« Le mélange des publics est valorisant pour toutes et pour tous »
Pour la première fois en 2019, le « Concert dans le noir » du Cully Jazz Festival mêlait des mélomanes avec et sans handicap visuel. En revanche, comme lors des deux premières éditions, tous les placeurs étaient des membres avec un handicap visuel de l’association L’Art d’Inclure. Une façon d’inverser les rôles pour ces personnes souvent obligées de se faire guider, notamment lors de sorties ou d’activités culturelles.

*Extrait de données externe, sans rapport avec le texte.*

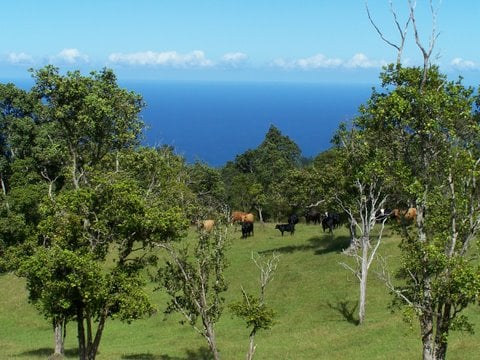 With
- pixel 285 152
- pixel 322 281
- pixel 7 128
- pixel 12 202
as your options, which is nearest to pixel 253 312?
pixel 322 281

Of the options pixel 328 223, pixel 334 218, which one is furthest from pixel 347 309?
pixel 334 218

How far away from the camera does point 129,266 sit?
2662 centimetres

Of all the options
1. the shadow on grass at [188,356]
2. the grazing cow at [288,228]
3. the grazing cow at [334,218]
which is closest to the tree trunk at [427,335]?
the shadow on grass at [188,356]

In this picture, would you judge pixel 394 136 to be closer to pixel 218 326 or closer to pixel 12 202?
pixel 218 326

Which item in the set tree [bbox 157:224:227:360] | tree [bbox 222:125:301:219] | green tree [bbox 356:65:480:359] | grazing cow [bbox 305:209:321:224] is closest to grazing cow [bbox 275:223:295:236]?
tree [bbox 222:125:301:219]

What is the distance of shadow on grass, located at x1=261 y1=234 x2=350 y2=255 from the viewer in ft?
194

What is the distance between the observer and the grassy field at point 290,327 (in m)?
35.8

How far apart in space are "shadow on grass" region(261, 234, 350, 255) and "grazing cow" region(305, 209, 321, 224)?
12.2m

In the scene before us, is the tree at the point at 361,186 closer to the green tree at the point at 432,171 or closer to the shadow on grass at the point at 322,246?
the green tree at the point at 432,171

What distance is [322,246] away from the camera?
61250 mm

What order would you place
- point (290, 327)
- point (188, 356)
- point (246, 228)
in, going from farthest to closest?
point (246, 228)
point (290, 327)
point (188, 356)

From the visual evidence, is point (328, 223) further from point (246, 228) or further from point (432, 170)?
point (432, 170)

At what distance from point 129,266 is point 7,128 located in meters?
43.2

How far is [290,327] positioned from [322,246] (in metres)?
20.2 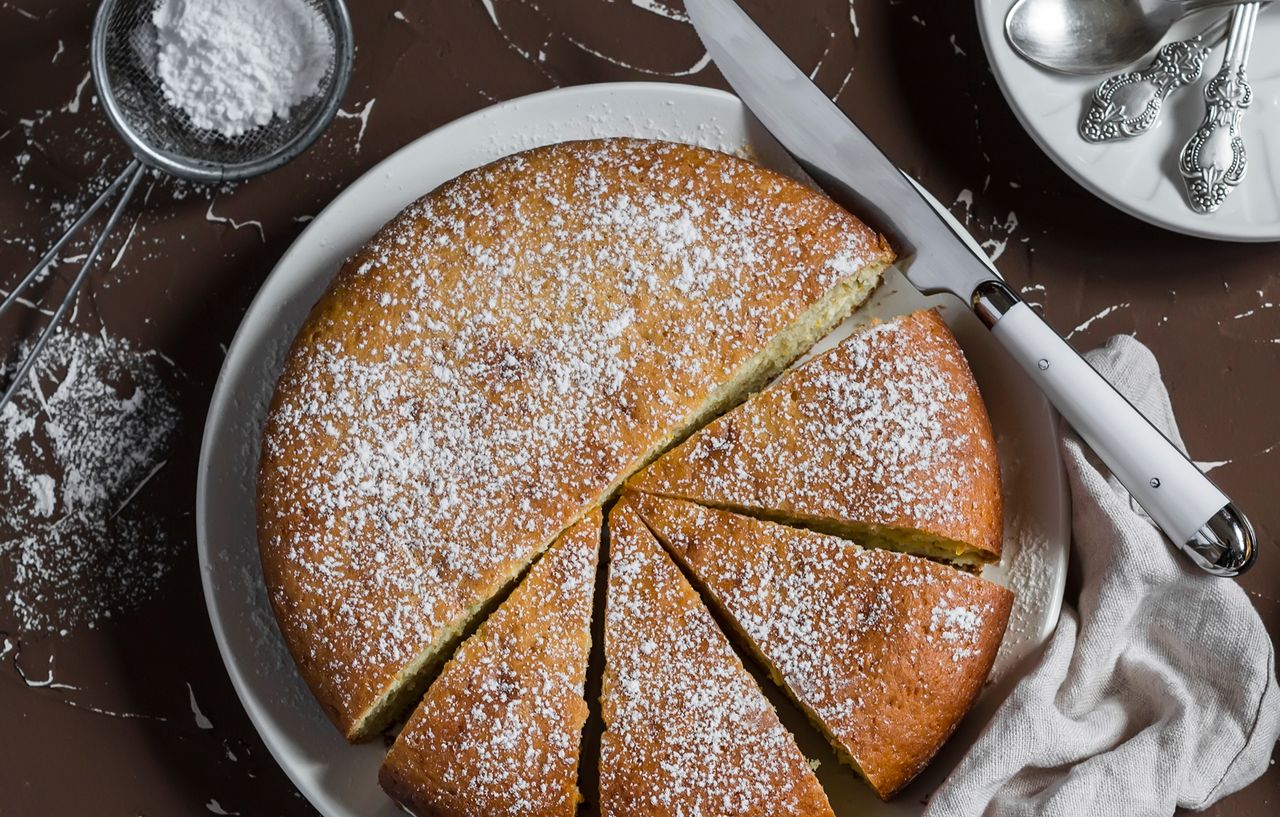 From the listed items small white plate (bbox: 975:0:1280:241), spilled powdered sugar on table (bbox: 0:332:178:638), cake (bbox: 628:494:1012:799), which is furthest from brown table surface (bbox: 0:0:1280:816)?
cake (bbox: 628:494:1012:799)

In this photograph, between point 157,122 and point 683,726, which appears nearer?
point 683,726

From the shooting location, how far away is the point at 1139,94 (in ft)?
7.98

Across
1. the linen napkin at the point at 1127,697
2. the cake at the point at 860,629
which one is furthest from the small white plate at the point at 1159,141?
the cake at the point at 860,629

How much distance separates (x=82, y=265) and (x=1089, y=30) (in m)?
2.42

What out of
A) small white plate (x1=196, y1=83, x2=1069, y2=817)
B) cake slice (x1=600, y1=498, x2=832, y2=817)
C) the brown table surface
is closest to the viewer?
cake slice (x1=600, y1=498, x2=832, y2=817)

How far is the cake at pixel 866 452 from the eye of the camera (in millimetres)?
2055

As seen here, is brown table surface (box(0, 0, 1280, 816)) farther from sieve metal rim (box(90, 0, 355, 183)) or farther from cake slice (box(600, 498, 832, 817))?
cake slice (box(600, 498, 832, 817))

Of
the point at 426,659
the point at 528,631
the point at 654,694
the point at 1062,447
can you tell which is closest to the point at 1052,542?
the point at 1062,447

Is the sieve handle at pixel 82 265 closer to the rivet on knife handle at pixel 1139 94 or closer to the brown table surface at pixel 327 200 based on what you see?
the brown table surface at pixel 327 200

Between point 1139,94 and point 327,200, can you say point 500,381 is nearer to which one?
point 327,200

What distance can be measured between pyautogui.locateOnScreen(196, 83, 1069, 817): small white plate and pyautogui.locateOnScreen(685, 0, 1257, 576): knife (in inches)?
3.2

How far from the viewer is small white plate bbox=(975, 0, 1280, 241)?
2406mm

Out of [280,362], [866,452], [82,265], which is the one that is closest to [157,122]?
[82,265]

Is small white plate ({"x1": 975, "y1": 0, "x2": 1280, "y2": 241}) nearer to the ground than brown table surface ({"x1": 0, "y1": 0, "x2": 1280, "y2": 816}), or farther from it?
farther from it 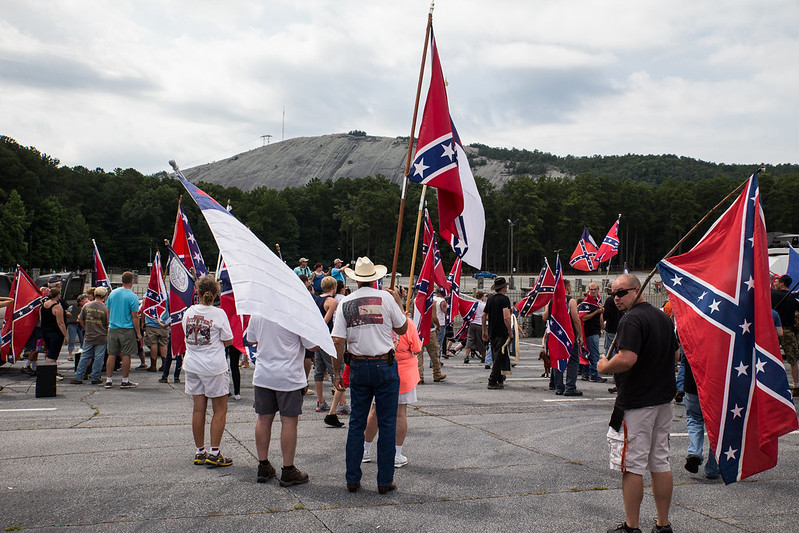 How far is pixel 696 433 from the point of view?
638 cm

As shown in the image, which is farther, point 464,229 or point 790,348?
point 790,348

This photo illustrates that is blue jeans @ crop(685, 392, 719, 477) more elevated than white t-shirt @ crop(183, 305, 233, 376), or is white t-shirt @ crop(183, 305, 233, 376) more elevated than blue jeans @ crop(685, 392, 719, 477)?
white t-shirt @ crop(183, 305, 233, 376)

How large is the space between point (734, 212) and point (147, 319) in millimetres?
11757

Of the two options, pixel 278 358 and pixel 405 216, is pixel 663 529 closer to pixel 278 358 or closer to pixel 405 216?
pixel 278 358

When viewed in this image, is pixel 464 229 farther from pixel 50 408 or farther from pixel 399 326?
pixel 50 408

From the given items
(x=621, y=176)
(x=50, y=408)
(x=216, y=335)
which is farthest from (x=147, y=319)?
(x=621, y=176)

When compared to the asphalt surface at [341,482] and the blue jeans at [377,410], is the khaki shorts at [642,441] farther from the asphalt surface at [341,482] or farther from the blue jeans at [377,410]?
the blue jeans at [377,410]

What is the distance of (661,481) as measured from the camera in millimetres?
4703

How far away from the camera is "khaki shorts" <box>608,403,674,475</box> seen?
4.66 m

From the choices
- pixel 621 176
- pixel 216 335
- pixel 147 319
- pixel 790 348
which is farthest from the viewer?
pixel 621 176

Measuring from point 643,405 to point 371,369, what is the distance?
7.16 feet

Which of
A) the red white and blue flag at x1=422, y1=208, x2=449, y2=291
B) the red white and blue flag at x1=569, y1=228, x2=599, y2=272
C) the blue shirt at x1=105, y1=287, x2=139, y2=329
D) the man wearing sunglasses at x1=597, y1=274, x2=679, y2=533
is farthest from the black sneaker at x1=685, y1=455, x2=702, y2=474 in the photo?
the red white and blue flag at x1=569, y1=228, x2=599, y2=272

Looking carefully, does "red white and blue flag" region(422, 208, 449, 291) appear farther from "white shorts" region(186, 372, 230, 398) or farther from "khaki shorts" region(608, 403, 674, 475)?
"khaki shorts" region(608, 403, 674, 475)

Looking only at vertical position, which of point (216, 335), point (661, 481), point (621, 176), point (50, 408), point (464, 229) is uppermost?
point (621, 176)
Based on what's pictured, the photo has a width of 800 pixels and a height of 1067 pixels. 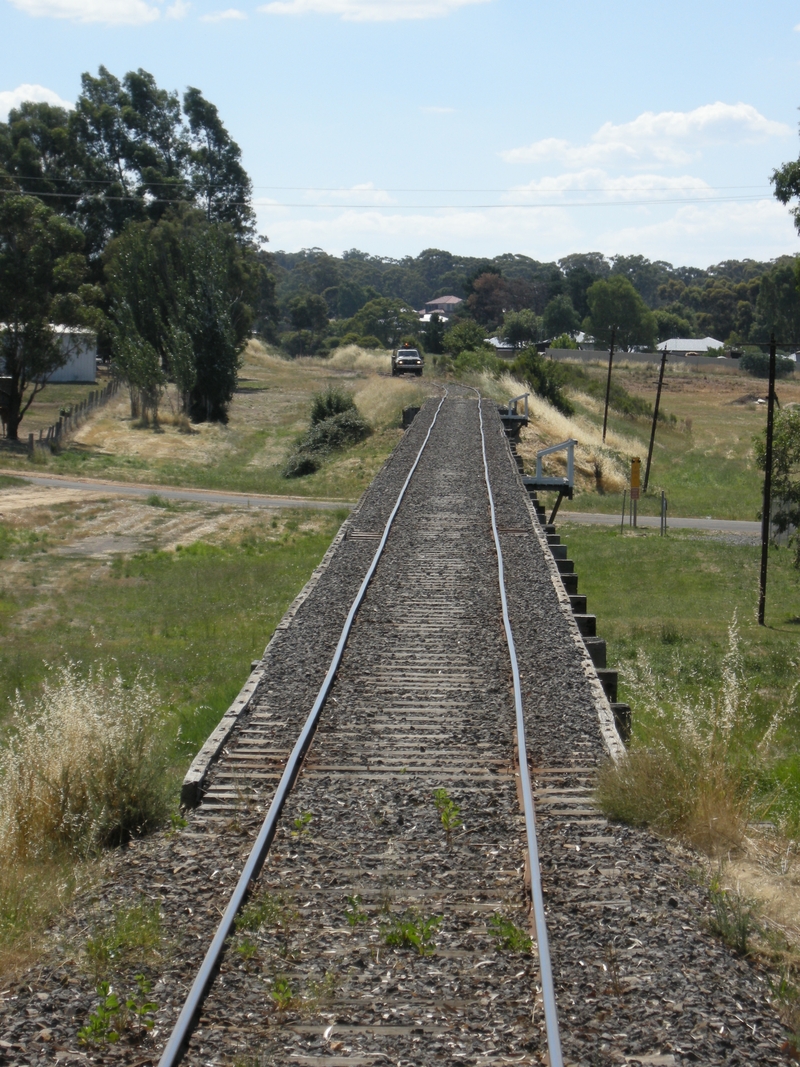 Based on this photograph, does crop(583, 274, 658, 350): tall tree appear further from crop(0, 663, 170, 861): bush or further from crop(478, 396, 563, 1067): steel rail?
crop(0, 663, 170, 861): bush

Par groupes de quatre, munis d’un masque et en chenille derrière leur placeur, les spectateurs voyants trouvent leur place dans la pénombre du caveau du Cully Jazz Festival où va se jouer un « Concert dans le noir ». Juste avant le début du concert, le caveau est complètement obscurci. Ensuite, le duo piano-batterie Jakubec & Poupin entre en scène et engage à l’évasion. Pour la personne voyante que je suis, c’est une nouvelle appréhension de la musique, plus intense, plus profonde. Une expérience différente des moments où je ferme volontairement les yeux pour me concentrer sur l’écoute ; une parenthèse totale qui incite à l’introspection et au seul plaisir de la musique.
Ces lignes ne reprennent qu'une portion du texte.